Religion: Quaker Revival

  • Share
  • Read Later

Disembarking at Boston in 1656, Mary Fisher, "a religious maiden," and her companion Ann Austin, Quakers, were welcomed by hangman, by gaoler. The hangman made a public bonfire of all books found in their possession. The gaoler, after examining them for evidence of witchcraft, clapped them into jail, where they lay five weeks. Then the religious maidens were shipped back -to England.

So upset were the people of Massachusetts that they made a law. The next Quaker to land would get one ear lopped off. If he came back, off with the other ear! If yet again he returned, his tongue was to be pierced by a red-hot iron. These provisions failing, however, to deter the Quakers, presently the gibbet was invoked and four Quakers were hanged, one of them a woman.

But the Quakers still kept coming. Last week, energized by the election of a member of their organization, Religious Society of Friends, as President of the U.S.,* they were beginning what is probably the most vigorous effort in more than a century for converts.

A circular vigorously urging the doctrine of the Quakers was distributed in the mails, signed by Jesse H. Holmes, professor of philosophy, Swarthmore College; Roscoe Pound, dean of the Harvard Law School; J. Russell Smith, professor of Economic geography, Columbia University; Thomas A. Jenkins, professor of the history of the French language, University of Chicago; Albert T. Mills, professor of history and political science, James Millikin University.

Warmakers Welcome. Although in course of years the Quaker has come to represent t'ie very personification of the pacifist spirit, the circular explains that militarists are not excluded from membership in the society.†

This point and others made in the circular were explained by the fact that the Quakers have never formulated any fixed creed. They have no body authorized "to dictate to the members as to doctrine or conduct."

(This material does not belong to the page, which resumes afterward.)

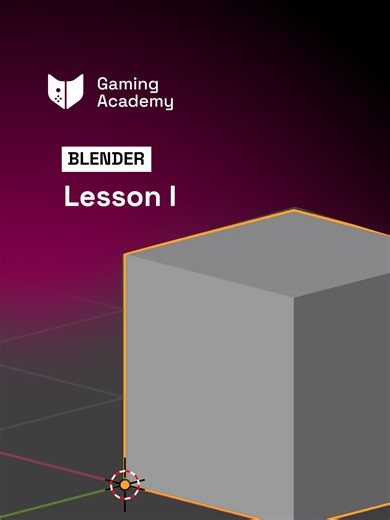 Zapraszamy na naszą pierwszą rolkę o tworzeniu w programie Blender. Pokazujemy w niej podstawy pracy w Blenderze i to, jak wygląda proces tworzenia od środka. Jeśli temat Cię zainteresował, zapraszamy na nasze zajęcia z Blendera. Zajęcia prowadzone są po angielsku, dostępne online oraz stacjonarnie we Wrocławiu. To dobra opcja dla osób, które chcą rozwijać się w 3D, animacji i game devie. Dołącz do naszej społeczności i twórz razem z nami. ENGLISH VERSION BELOW Check out our first reel about cre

Addressed to "the scientifically minded," the circular declared that it did not seek the attention of those satisfied with "the Apostles or the Nicene Creed, the inerrancy of the Bible, the virgin birth of Jesus, and the verity of the miracle stories of the old and new Testament." God goes by many another name among Quakers: "the Seed, the Inner Light, the In-speaking Voice, the Christ within, the Word . . . The Hidden Dynamo, The Super-self, The World-father." And "religion as we understand it has nothing to fear from science."

I Street N. W. A mild little colonial structure of red brick, with a peaceable white door and portico, stands on I Street northwest, in Washington. It is the Meeting House of the Society of Friends in the capital, and there Mr. & Mrs. Hoover attend service. Its capacity is about 200 people, and the Friends were wondering how best to stretch the walls. With or without circulars to the scientifically minded, they foresaw that crowds would throng to their door each "First Day" of the next four years, when President & First Lady attend.